Cinéma

Regard d’une réalisatrice saoudienne sur le foulard en France

« Mariam » de Faiza Ambah · Mariam, de la réalisatrice saoudienne Faiza Ambah, raconte l’itinéraire d’une collégienne voilée en France qui fait sa rentrée des classes en septembre 2004, l’année de la loi sur l’interdiction des signes religieux à l’école. Diffusé pour la première fois le 22 septembre 2015 à l’Unesco, ce court-métrage sera projeté à nouveau lundi 8 février par Contre-attaque(s).

Se regardant dans le miroir, Mariam, 14 ans, les écouteurs vissés sur les oreilles, se prépare pour aller à l’école au son d’Outlandish, un groupe danois multiculturel de musique pop/rap. Ce face-à-face entre le spectateur et la jeune fille se conclut par Mariam ajustant son foulard sur sa chevelure. Elle est prête pour la rentrée des classes. La scène se passe en septembre 2004, année de l’application de la loi du 15 mars encadrant « le port de signes ou de tenues manifestant une appartenance religieuse dans les écoles ». Ce jour banal de retrouvailles de ses camarades ne sera pas aussi simple qu’à l’accoutumée​. En sortant, son père, la dévisageant, marque son opposition à sa nouvelle tenue.
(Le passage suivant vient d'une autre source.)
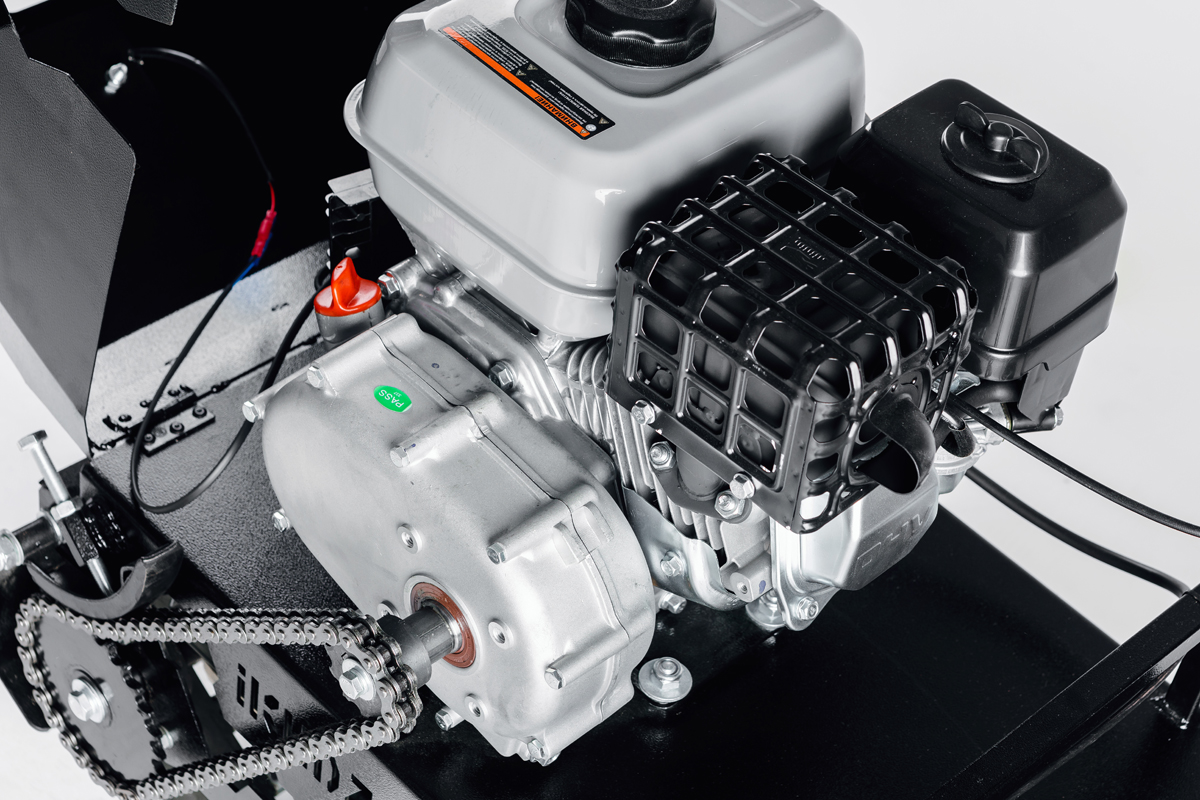 МОТОБУКСИРОВЩИК IKUDZO 1100/380 К8 в Калининграде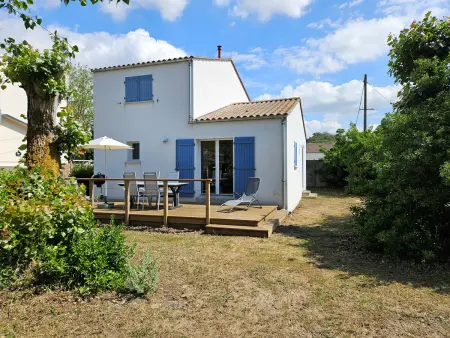Villa 3 étoiles, près de la plage, idéale pour 4 personnes - Photo 1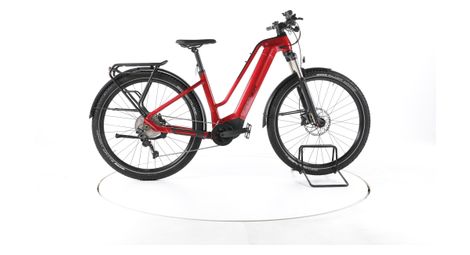 Produit reconditionné - FLYER Goroc 2 Trekking E-Bike - Très Bon Etat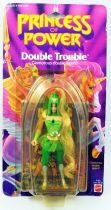 Princess of Power - Double Trouble / Doublia (carte USA)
On apprendra plus tard dans le film que Mariam a décidé de porter le foulard suite au pèlerinage à La Mecque avec sa grand-mère durant l’été. Lorsqu’elle arrive à l’école, le directeur écarte les jeunes filles portant le voile du reste des élèves. « Tant que vous n’enlevez pas le voile, vous n’irez pas en classe, vous irez en permanence. C’est la loi ! », assène-t-il.​

Entre un père autoritaire n’acceptant pas ses choix et une école qui lui interdit son entrée, l’adolescente vit entre convictions personnelles, amitiés, amour et pérégrinations d’une collégienne comme les autres. Malgré la solennité de l’exclusion, Mariam se veut un film léger et drôle. Durant 44 minutes, le spectateur découvre l’univers banal d’une jeune fille, fan de danse Bollywood, qui vit ses premiers coups de cœur et qui, contre toute attente, résiste et assume ses choix jusqu’au bout.

Mariam, bande-annonce — Viméo
Court métrage de Faiza Ambah, Bizibi productions, 2015.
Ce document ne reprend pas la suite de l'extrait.